**Exercise directions:** Give the lines again exactly as they appear below, from the line with "Hotel Kolonie Křivoklát Стая снимка" to the line with "Apartament cu 2", both included, and only those lines. Leave every picture out.

**Dataset records:**
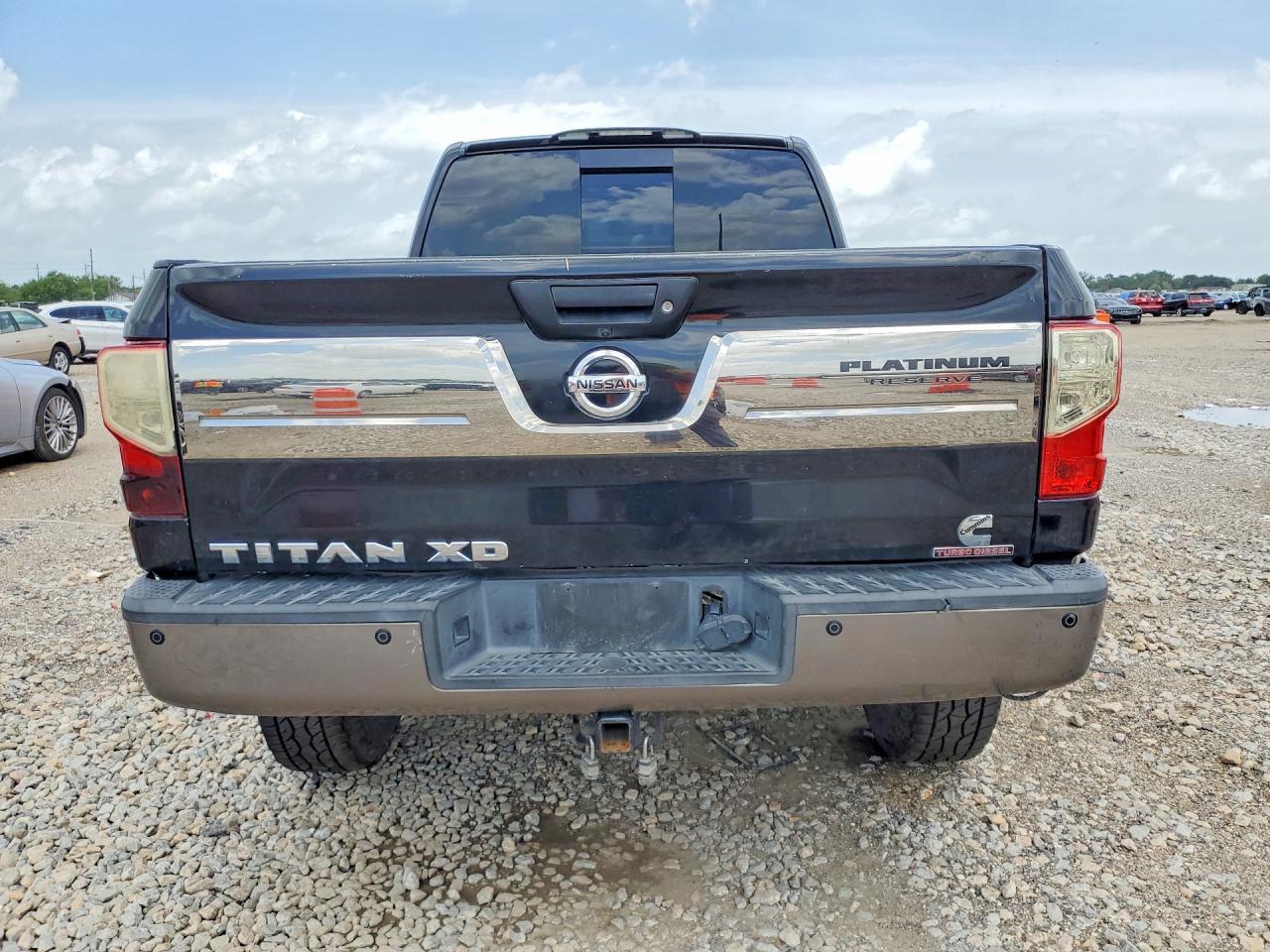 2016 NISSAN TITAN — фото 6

* * *

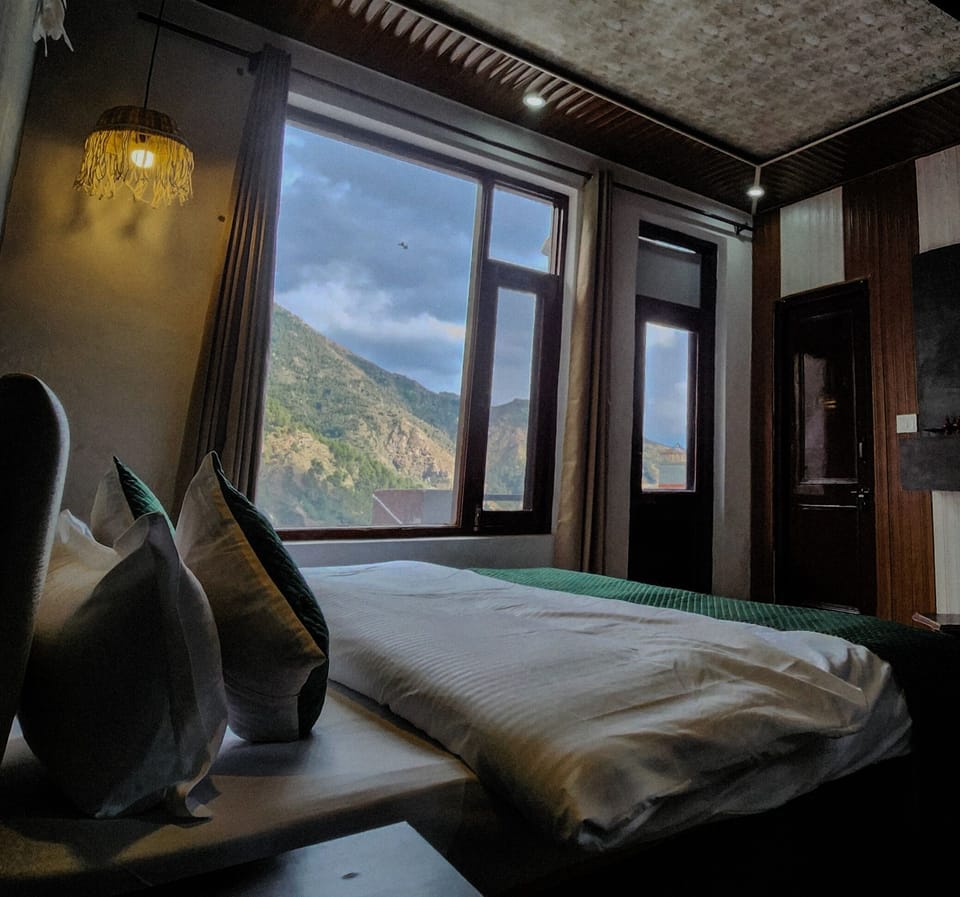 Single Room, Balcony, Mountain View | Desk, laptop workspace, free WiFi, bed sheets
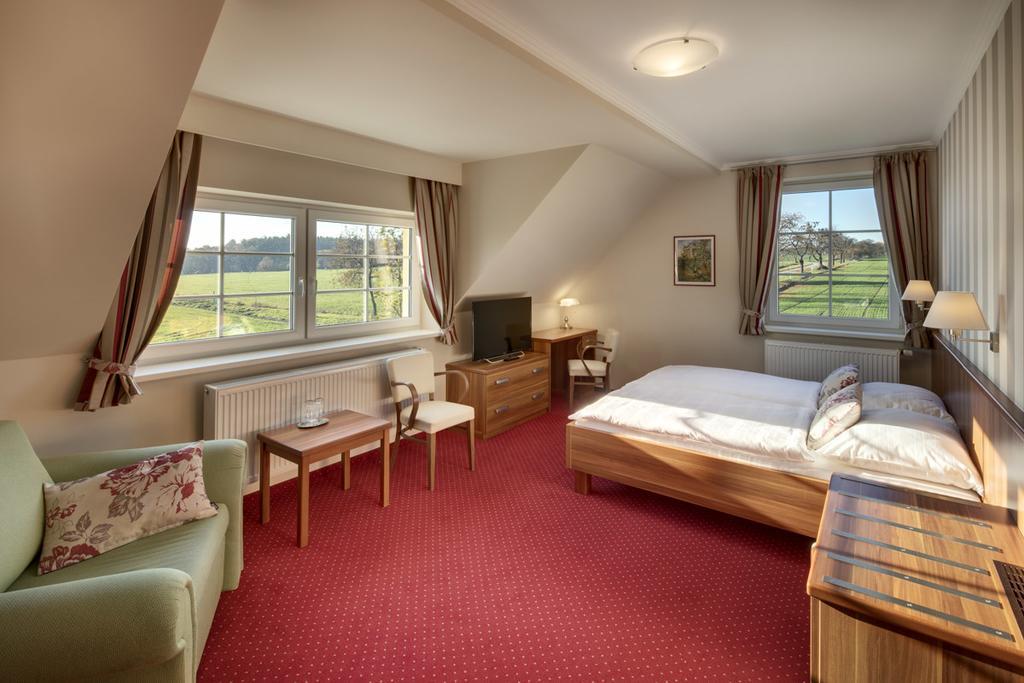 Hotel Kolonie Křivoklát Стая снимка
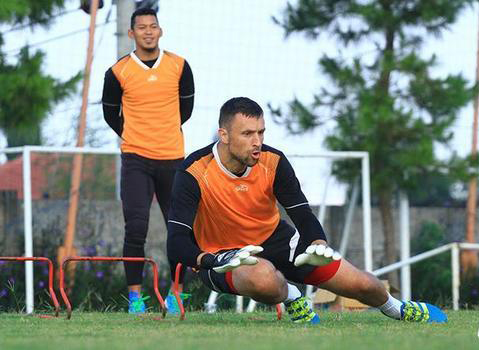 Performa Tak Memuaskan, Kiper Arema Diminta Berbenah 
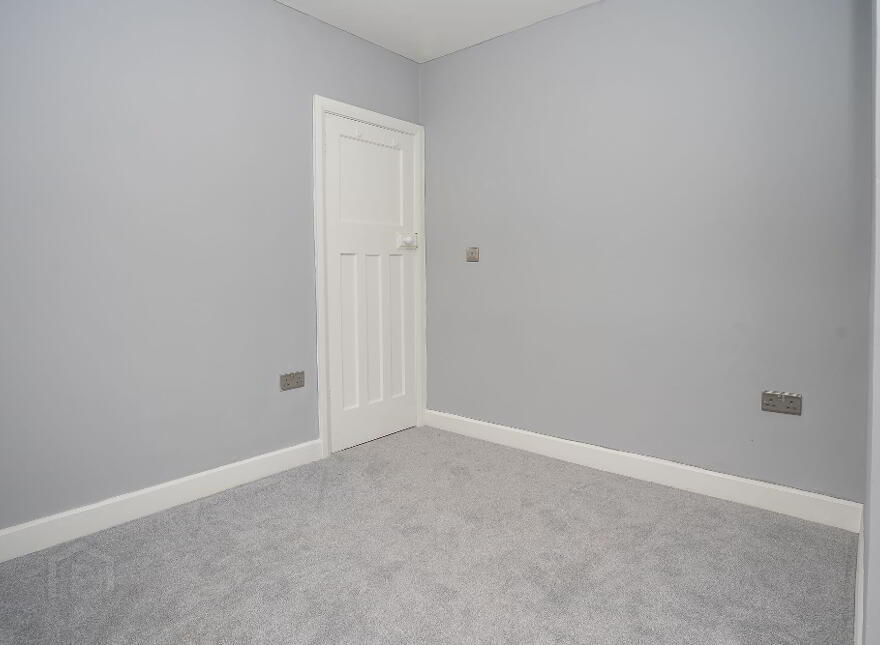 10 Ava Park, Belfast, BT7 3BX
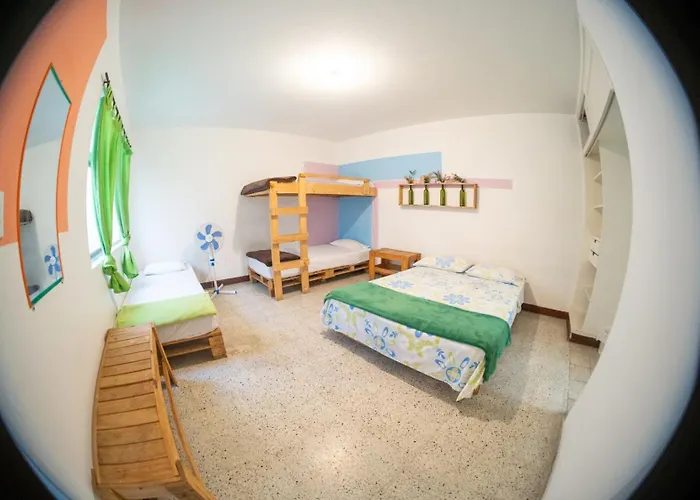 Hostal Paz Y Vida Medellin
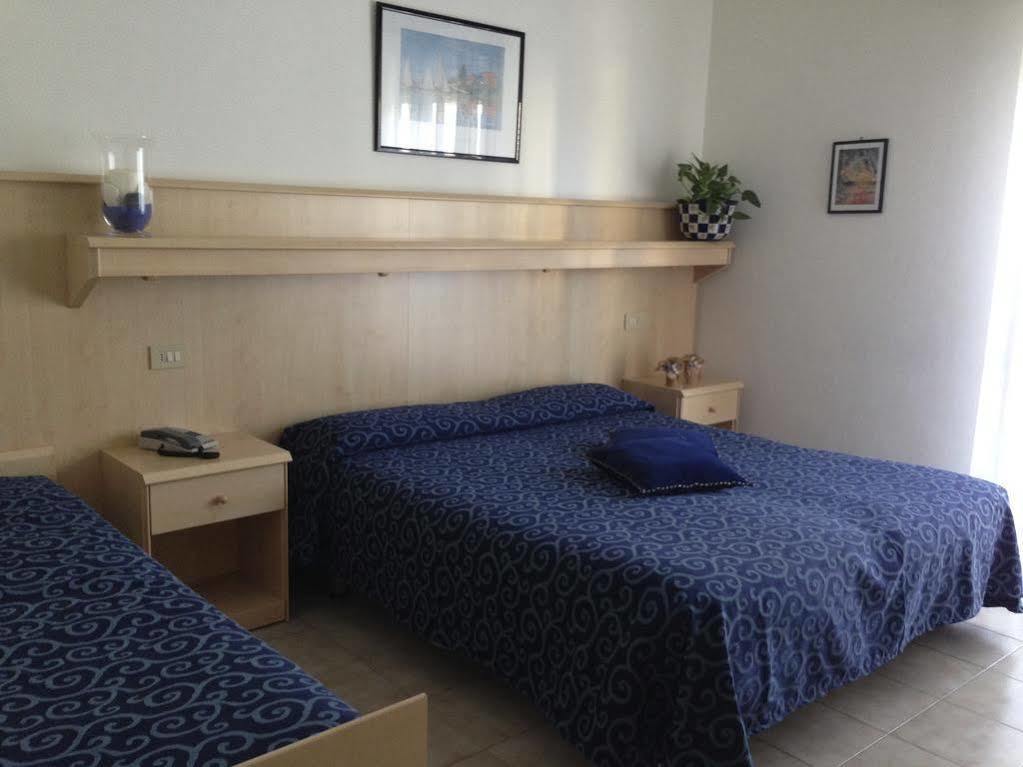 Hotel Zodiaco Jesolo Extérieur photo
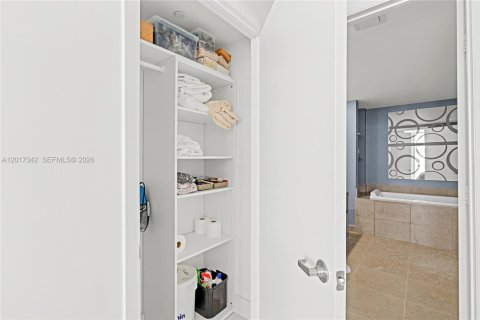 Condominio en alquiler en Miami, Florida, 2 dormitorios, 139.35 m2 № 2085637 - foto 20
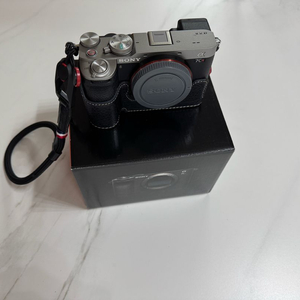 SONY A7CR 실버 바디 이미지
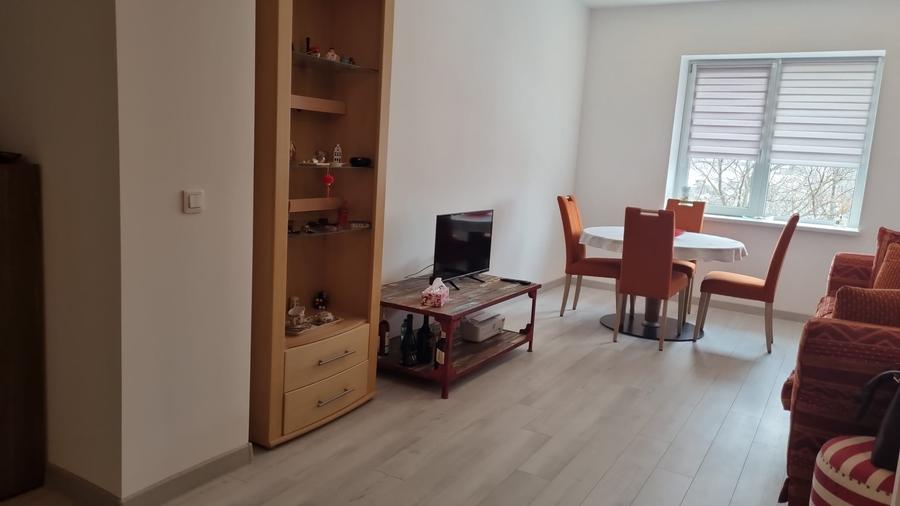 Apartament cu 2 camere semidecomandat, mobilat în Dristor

**Written solution:**
 Hotel Kolonie Křivoklát Стая снимка
 Performa Tak Memuaskan, Kiper Arema Diminta Berbenah 
 10 Ava Park, Belfast, BT7 3BX
 Hostal Paz Y Vida Medellin
 Hotel Zodiaco Jesolo Extérieur photo
 Condominio en alquiler en Miami, Florida, 2 dormitorios, 139.35 m2 № 2085637 - foto 20
 SONY A7CR 실버 바디 이미지
 Apartament cu 2 camere semidecomandat, mobilat în Dristor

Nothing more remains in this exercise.